Instructions to follow — The output should match, line for line, the records from the line containing "Stolná lampa, strieborná, CINDA" through the line containing "Driving school editable", with every picture left out.

Provided records —
....................

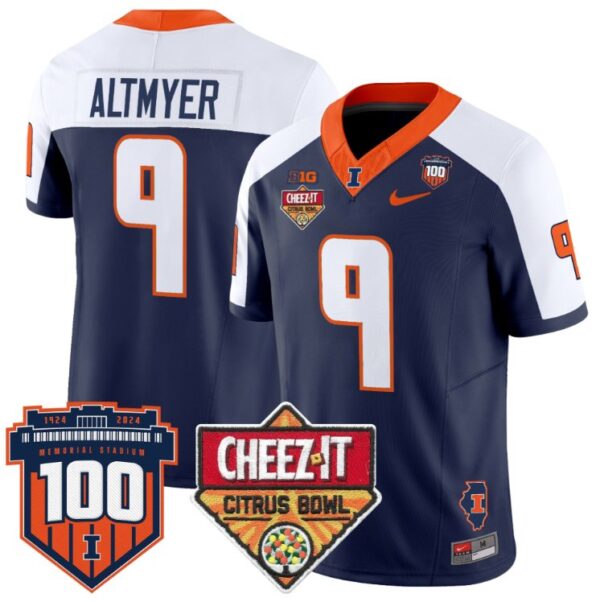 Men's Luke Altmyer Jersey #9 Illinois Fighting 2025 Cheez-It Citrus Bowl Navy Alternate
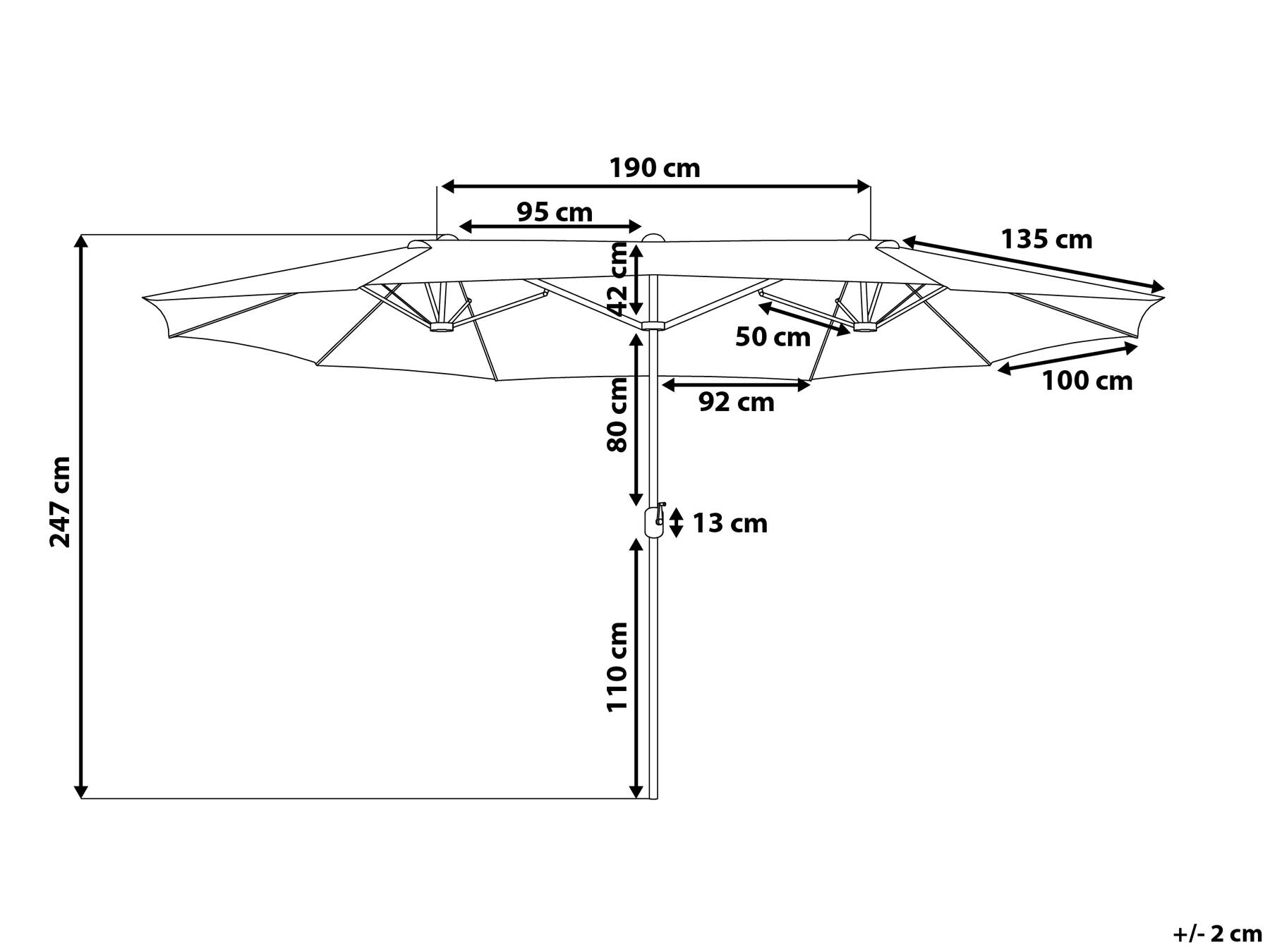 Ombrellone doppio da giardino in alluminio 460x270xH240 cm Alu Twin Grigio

....................

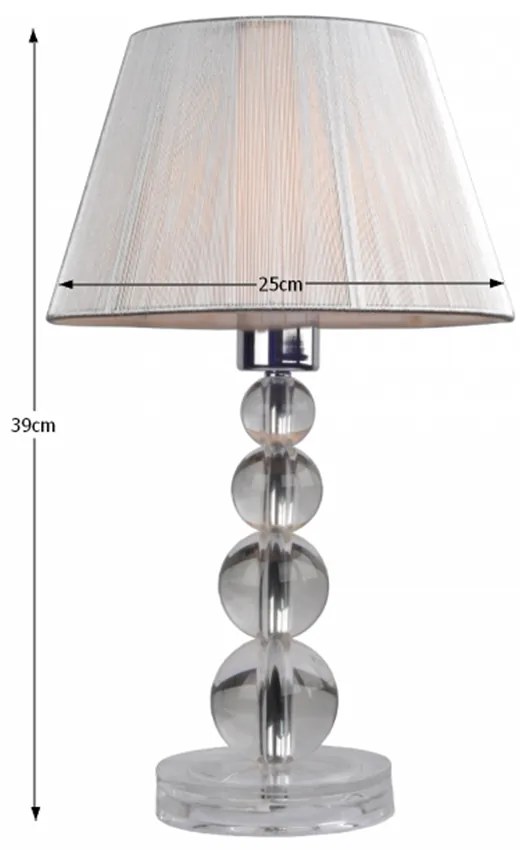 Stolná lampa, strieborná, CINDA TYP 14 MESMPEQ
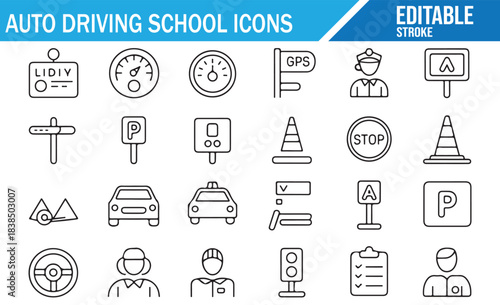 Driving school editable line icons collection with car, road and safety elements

....................

Solution for this task —
 Stolná lampa, strieborná, CINDA TYP 14 MESMPEQ
 Driving school editable line icons collection with car, road and safety elements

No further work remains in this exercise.